## The investigated question

The sinking of Titanic is probably the most notorious peace time naval disaster in history. As such it is not only source of many popular legends, but also primary source of exposition of naval code of conduct in such tragic cases. For instance the the popular belief, that the captain should be the last person leaving the ship likely originates from dramatic portrayal of the Titanic disaster.

Another instance of maritime chivarly dictates, that 'woman and children (are) first' to board the rescue boats. However the 1997 Titanic movie tells a different story. Acording to the movie, the class and status of passangers took precedence over chivalry, and passangers for lower class were simply let drown regardless of their sex and age.
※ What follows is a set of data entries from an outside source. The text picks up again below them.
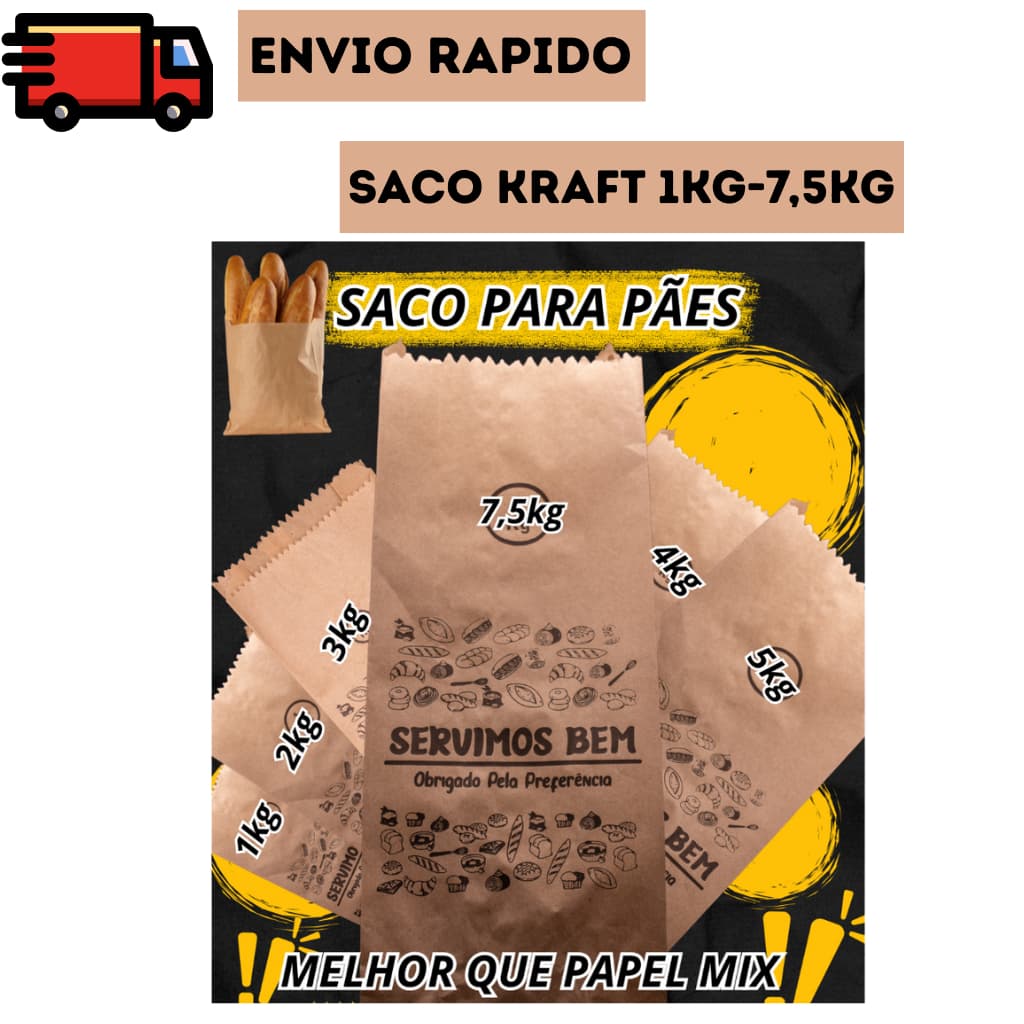 Saco Kraft para Pães - Tamanhos 1,2kg, 1kg, 2kg, 3kg, 4kg, 5kg e 7,5kg Para Padaria, Para Viagem
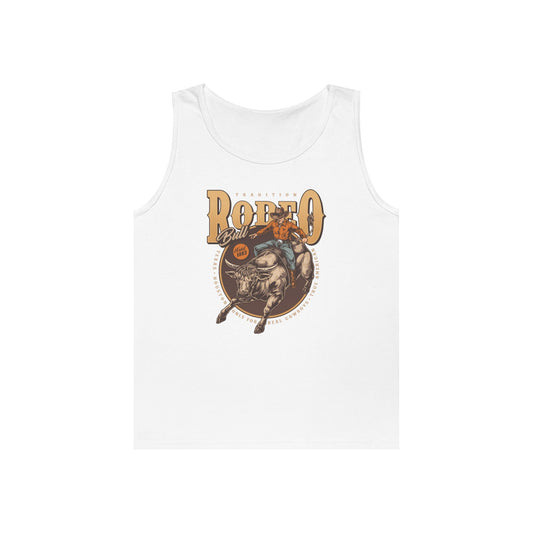 Unisex Heavy Cotton Tank Top - Tradition Rodeo Bull - Real Cowboys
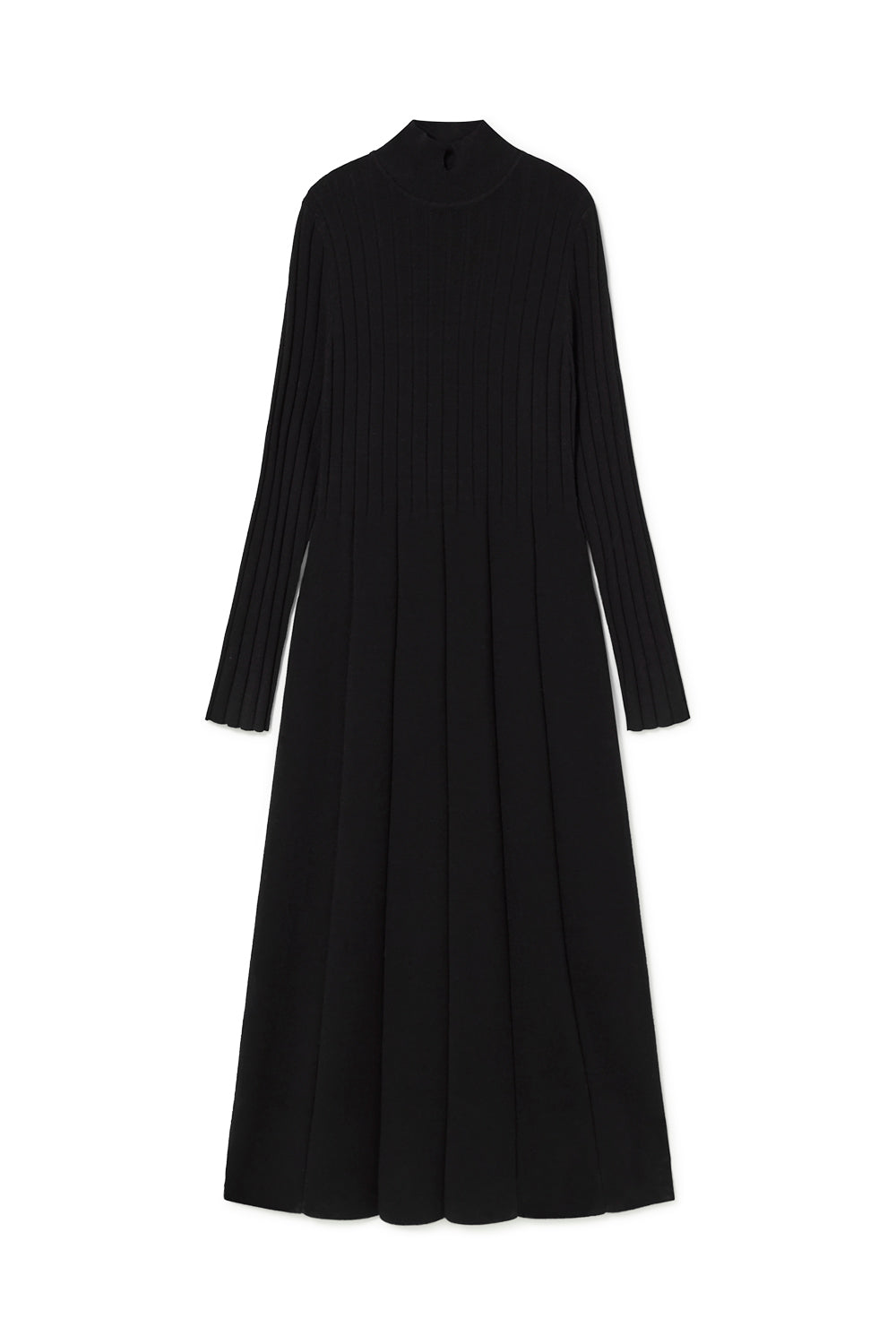 Vestido midi de punto y cuello alto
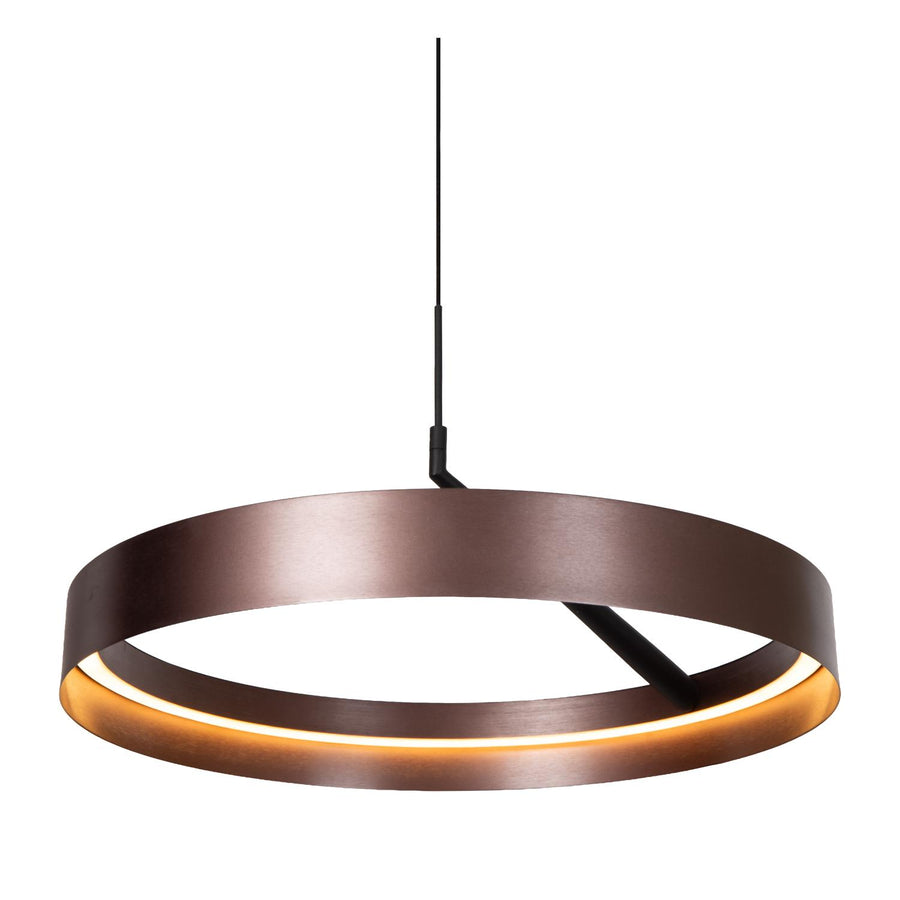 Lucide LEONARD dimbare LED-hanglamp met 3 dimstanden, Ø 54,5 cm, 36 W, 2200–3000 K, koffie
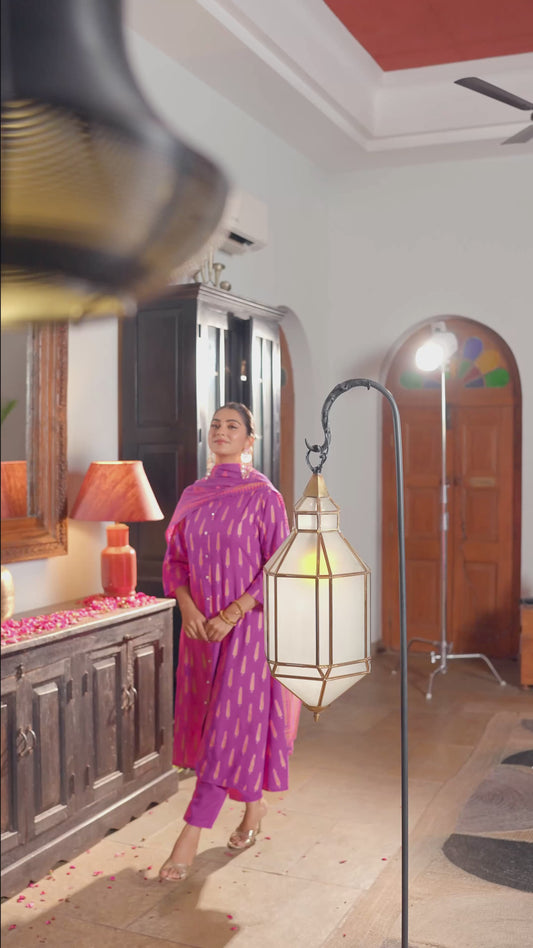 Viscose Gold foil A-line Pink Kurta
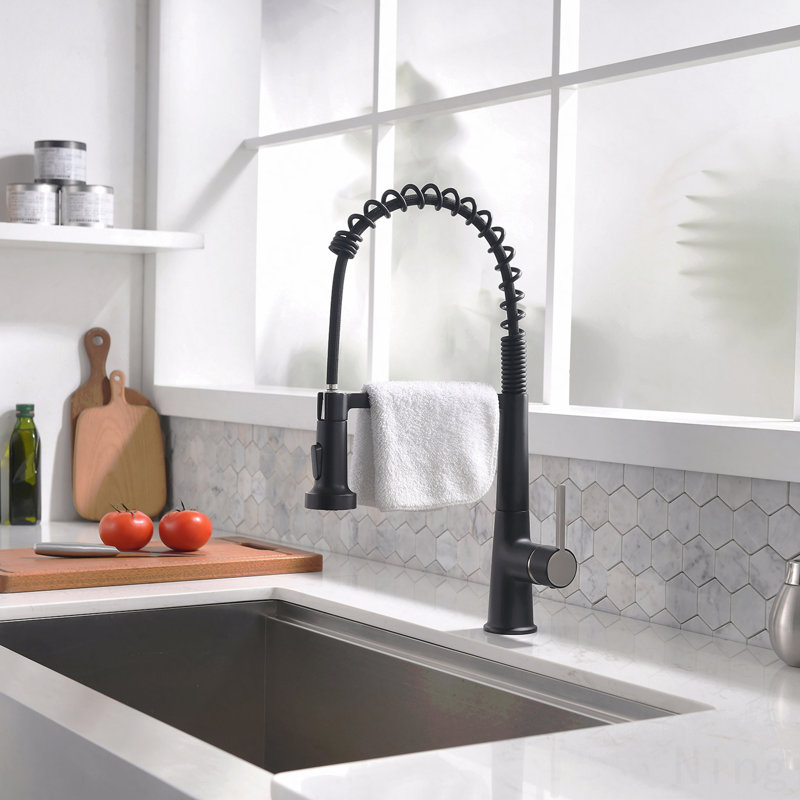 Robinet de cuisine moderne à ressort noir commercial avec pulvérisateur rétractable, pour évier de cuisine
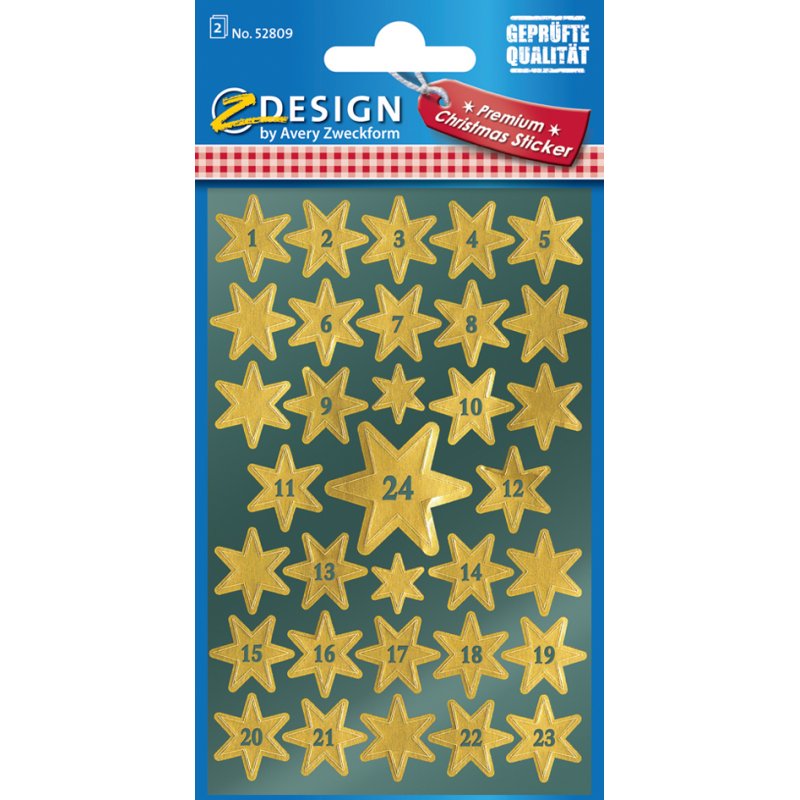 AVERY Zweckform Stickers Calendrier de l'Avent Étoiles, or, gaufré, 2 feuilles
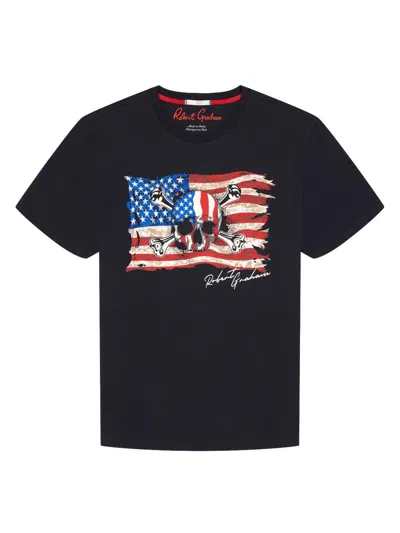 Robert Graham Skull Flag Short Sleeve Graphic Tee In Black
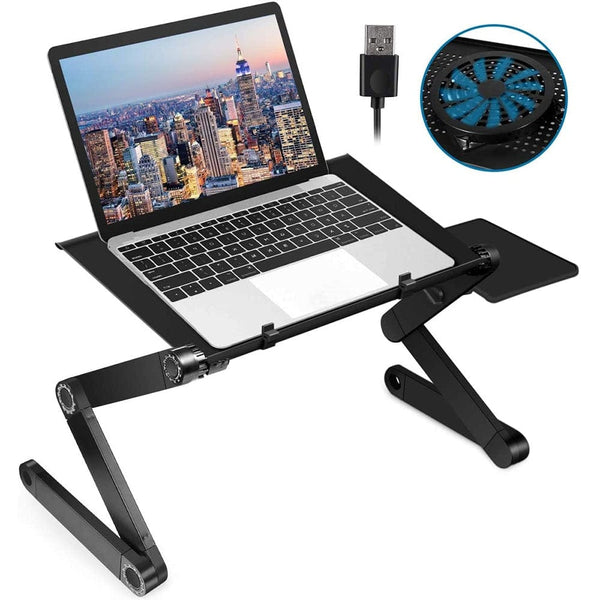 Adjustable Laptop Stand Foldable Aluminum Laptop Desk With Large Cooling Fan &amp; Mouse Pad For Bed, Sofa &amp; Couch Lap Tray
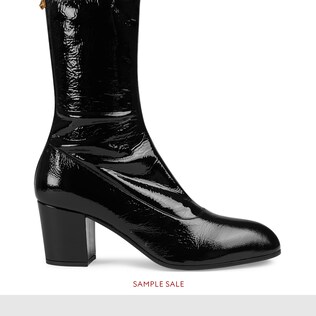 Patent leather boot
My goal is to investigate whether the data supports either the chivalry or class based interpretation of the story.

** Does the data provide strong support for one of these claims:**

** Question 1. Had woman a children a higher chance to survive the Titanic dissaster regardless of their class status? **

** Question 2. Had first class passangers a higher chance to survive then woman and children from lower classes?**

## Loading and type casting the data

In [88]:
#reading in csv
import pandas as pd

from IPython.display import display

passangers_df = pd.read_csv("titanic_data.csv")
display(passangers_df.head())

print "size {}".format(len(passangers_df))
print "'Name' type {}".format(passangers_df["Name"].dtype)
print "'Survived' type {}".format(passangers_df["Survived"].dtype)

Unnamed: 0,PassengerId,Survived,Pclass,Name,Sex,Age,SibSp,Parch,Ticket,Fare,Cabin,Embarked
0,1,0,3,"Braund, Mr. Owen Harris",male,22.0,1,0,A/5 21171,7.25,,S
1,2,1,1,"Cumings, Mrs. John Bradley (Florence Briggs Th...",female,38.0,1,0,PC 17599,71.2833,C85,C
2,3,1,3,"Heikkinen, Miss. Laina",female,26.0,0,0,STON/O2. 3101282,7.925,,S
3,4,1,1,"Futrelle, Mrs. Jacques Heath (Lily May Peel)",female,35.0,1,0,113803,53.1,C123,S
4,5,0,3,"Allen, Mr. William Henry",male,35.0,0,0,373450,8.05,,S


size 891
'Name' type object
'Survived' type int64


## Quick Exploration of Data

There are 891 entries in the data set. It appears we can rely on type casting done by pandas. The 'Survived' column is int64 instead of boolean, but that is not proble. Others columns which should be strings ('Name', 'Sex') are generic objects, but the entries can be manipulated like strings. For now further type casting does not seem necessary.

In [89]:
def count_values(df,col, normalize = True, dropna=False):
    return df[col].value_counts(normalize = normalize, sort=True, ascending=False, bins=None, dropna = dropna)
 
def print_value_counts(df,col, normalize = True, max_nr = -1):
    print "\n"
    print col
    print "total size: {}".format(len(df[col]))
    print "unique values: {}".format(len(df[col].unique()))
    
    if max_nr == -1:
        max_nr = len(df[col])
    else:
        print "top {} most frequent values:".format(max_nr)
        
    print count_values(df,col,normalize).iloc[:max_nr]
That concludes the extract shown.